Medizin:Keine Angst vor dem Spion im Bauch

Medizin: Eine Packung der neuen Funkpille Abilify MyCite.

Eine Packung der neuen Funkpille Abilify MyCite.

(Foto: AP)

Ein neues Medikament mit Sensor sendet Alarmsignale aus dem Körper der Patienten. Gruselig? Nein, ein schönes Beispiel, wie Menschen von einer digitalisierten Medizin profitieren können.

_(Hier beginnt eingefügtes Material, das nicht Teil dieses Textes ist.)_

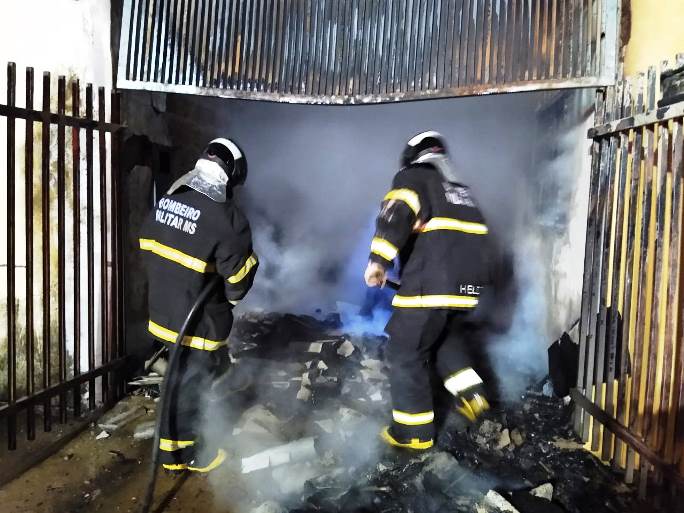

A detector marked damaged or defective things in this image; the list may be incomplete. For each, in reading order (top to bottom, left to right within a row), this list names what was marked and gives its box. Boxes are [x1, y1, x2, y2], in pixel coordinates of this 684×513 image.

fire damage [120, 312, 648, 512]
charred debris [125, 312, 648, 512]
burned rubble [125, 312, 648, 512]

Kommentar von Felix Hütten

Die Nachricht klingt, zugegeben, nach Satire: Die US-Arzneimittelbehörde FDA hat ein Medikament mit einem eingebauten Sensor zugelassen. Der sendet aus dem Bauch von Schizophrenie-Patienten Daten, um die regelmäßige Einnahme der Pillen zu kontrollieren. Die Technik soll also ausgerechnet bei Menschen erstmals zum Einsatz kommen, die mitunter Angst vor übermächtigen Kräften haben; Angst davor, überwacht und gesteuert zu werden.

Abilify MyCite heißt das neue Geschöpf, doch es ist keine übermächtige Kraft. Die Sorge um einen biomedizinischen Big Brother, ja mehr noch, das Erwachen von Cyborgs, einer Menschmaschine, geht mit einem Missverständnis einher.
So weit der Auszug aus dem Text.